Lough Neagh is the largest fresh water body in the United Kingdom with a surface area of approximately 41,188 hectares. It is a Special Protection Area (SPA) [3] designated for its important overwintering populations of birds and is considered to be one of the most important non-estuarine sites for overwintering wildfowl in the British Isles. [4] The site qualified for SPA status under Article 4(1) of Wild Birds Directive [5] by regularly supporting internationally important numbers of wintering Bewick’s swan, whooper swan and common tern.
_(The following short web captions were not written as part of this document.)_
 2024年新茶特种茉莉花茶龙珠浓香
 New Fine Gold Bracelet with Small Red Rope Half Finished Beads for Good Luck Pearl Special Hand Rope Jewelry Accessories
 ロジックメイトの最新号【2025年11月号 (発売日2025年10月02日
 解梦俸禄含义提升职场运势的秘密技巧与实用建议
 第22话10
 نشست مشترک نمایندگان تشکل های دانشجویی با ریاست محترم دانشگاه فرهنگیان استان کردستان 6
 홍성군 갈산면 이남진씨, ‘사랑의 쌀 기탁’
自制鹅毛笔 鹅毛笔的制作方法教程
Lough Neagh also qualifies for SPA status under Article 4(2) of that Directive as a wetland of international importance, by regularly supporting over 20,000 waterfowl in winter and providing an important assemblage of breeding birds. [6]

Oxford Island National Nature reserve Lough Neagh  copy

 

 

 

 Oxford Island National Nature reserve, Lough Neagh

 

 

 

Significant decline in bird populations

In the late 1980s and early 1990s Lough Neagh is recorded as hosting diving duck numbers in excess of 100,000 birds. [7] However, by the winter of 2003/04 these populations had declined dramatically. Some of the species protected under Annex II of the Habitats Directive, and for which the lough was designated a SPA in 1998, suffered particularly badly. This included a decline of 80% of pochard (40,000 to 8,000), 71% of Goldeneye (14,000 to 4,000), 70% of tufted duck (30,000 to 9,000) and 48% of Scaup (5,000 to 2,600). [8] Indeed, the Royal Society for the Protection of Birds suggests that, in 2009, the populations of these diving ducks had dropped to under 10,000, and are still decreasing. [9]
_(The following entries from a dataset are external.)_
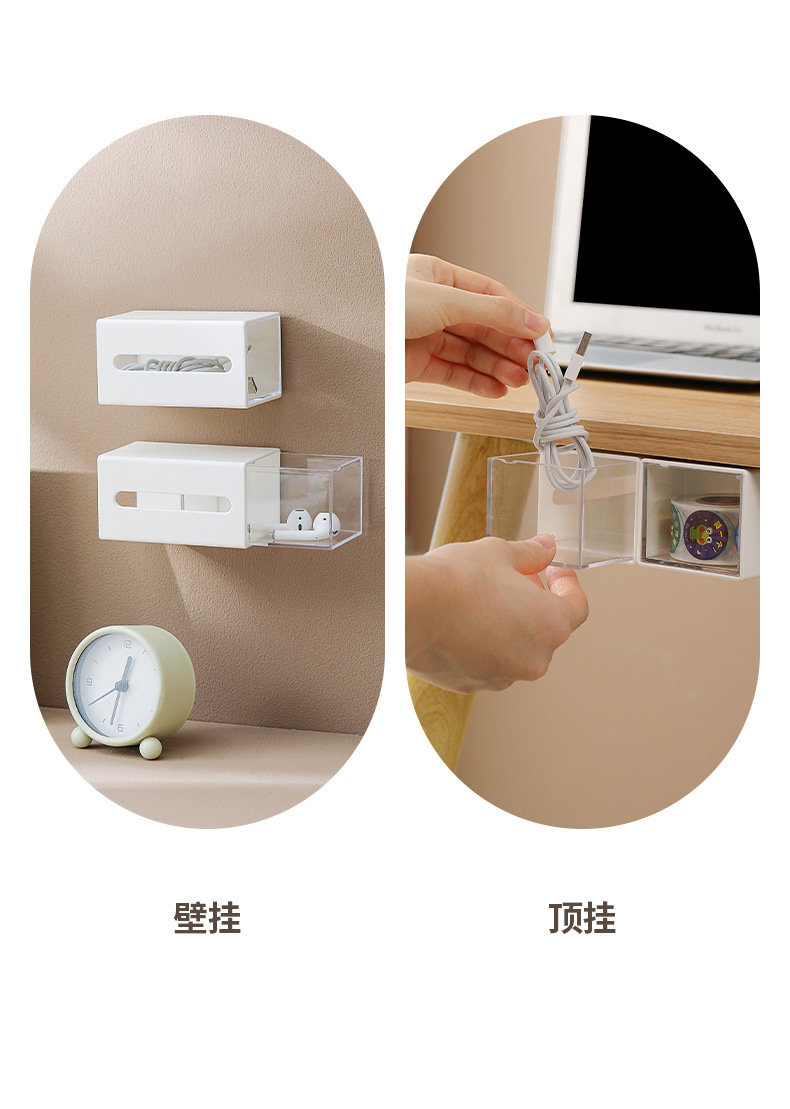 FaSoLa wall-mounted bidirectional storage box, plastic organization box, cosmetic cotton swab, desktop drawer-type tissue storage box pic 13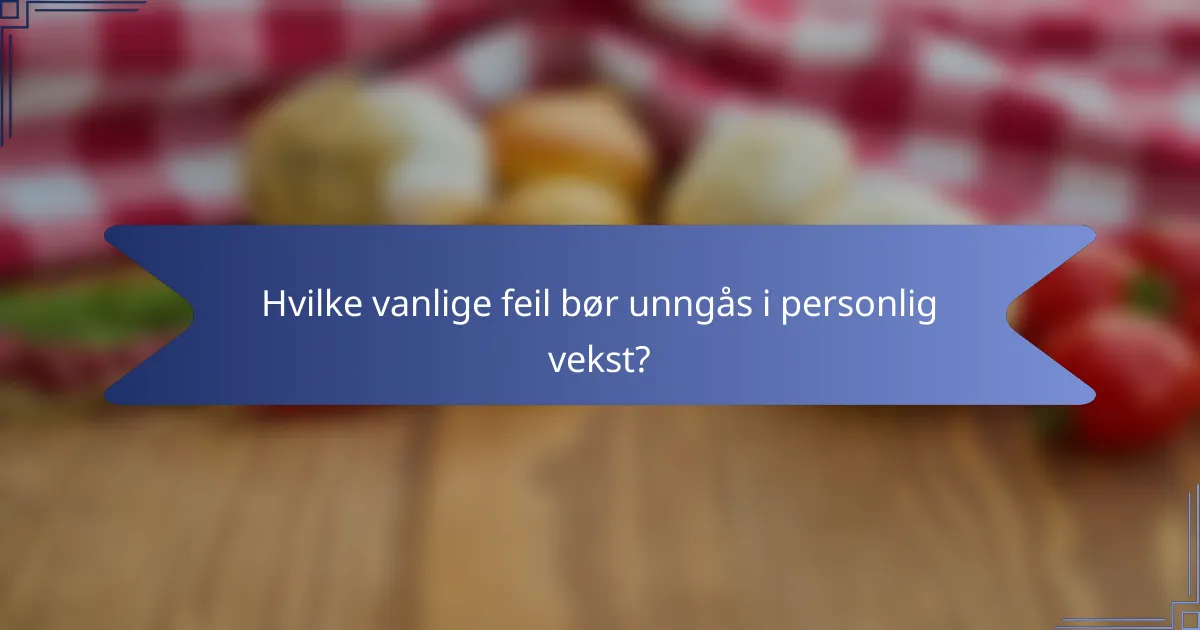 Hvilke vanlige feil bør unngås i personlig vekst?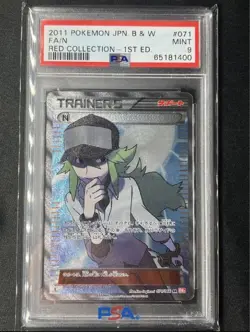 Pokemon Card N 071/066 2011 JPN B&W Red Collection 1st Edition PSA 10 TCG - Image 1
Great Crested Glebe Lough Neagh copy 2

 

 

 

 

 

 

Tomankova also identifies a significant and corresponding decline of 66-67% in the density and biomass of benthic macro-invertebrates in Lough Neagh, the main food source of diving ducks, between the period 1997/98 and 2010; leading her to conclude “…that a major shift in the Lough Neagh ecosystem coincident with the changes observed in overwintering bird communities” was likely taking place.[10] This important European nature conservation site is currently considered to be in “unfavourable condition”. [11]

Lough Neagh is also an important habitat for native and migratory fish species including the river lamprey, Atlantic salmon, and European eel, with lamprey and salmon being Annex II Habitats Directive protected species. The European eel is currently placed on the critically endangered list of the International Union for Conservation of Nature, and protected by European Council Regulation 1100/2007, [12] which strives to establish urgent measures for the recovery of this species. Although designated as an Area of Special Scientific Interest (ASSI) some 22 years ago, including for its fresh water and estuarine fish, [13] Lough Neagh has never been designated a Special Area of Conservation (SAC) under the Habitats Directive, [14] despite being an important habitat for protected species of fish, including the recognition as an “…European stronghold…” for river lamprey. [15]

Protection under EU Law

Article 2 of the Wild Birds Directive requires a Member State to take the requisite measures to maintain the populations of protected species “…at a level which corresponds in particular to ecological, scientific and cultural requirements, while taking account of economic and recreational requirements…” Article 4(4) requires, in respect of SPAs that “…Member States shall take appropriate steps to avoid pollution or deterioration of habitats, or any disturbance affecting birds, in so far as these would be significant having regard to the objectives of this article.” Importantly, the European Court of Justice (ECJ) made clear that the ecological requirements imposed by Article 4 were of imperative importance, where economic influence does not enter into consideration. [16]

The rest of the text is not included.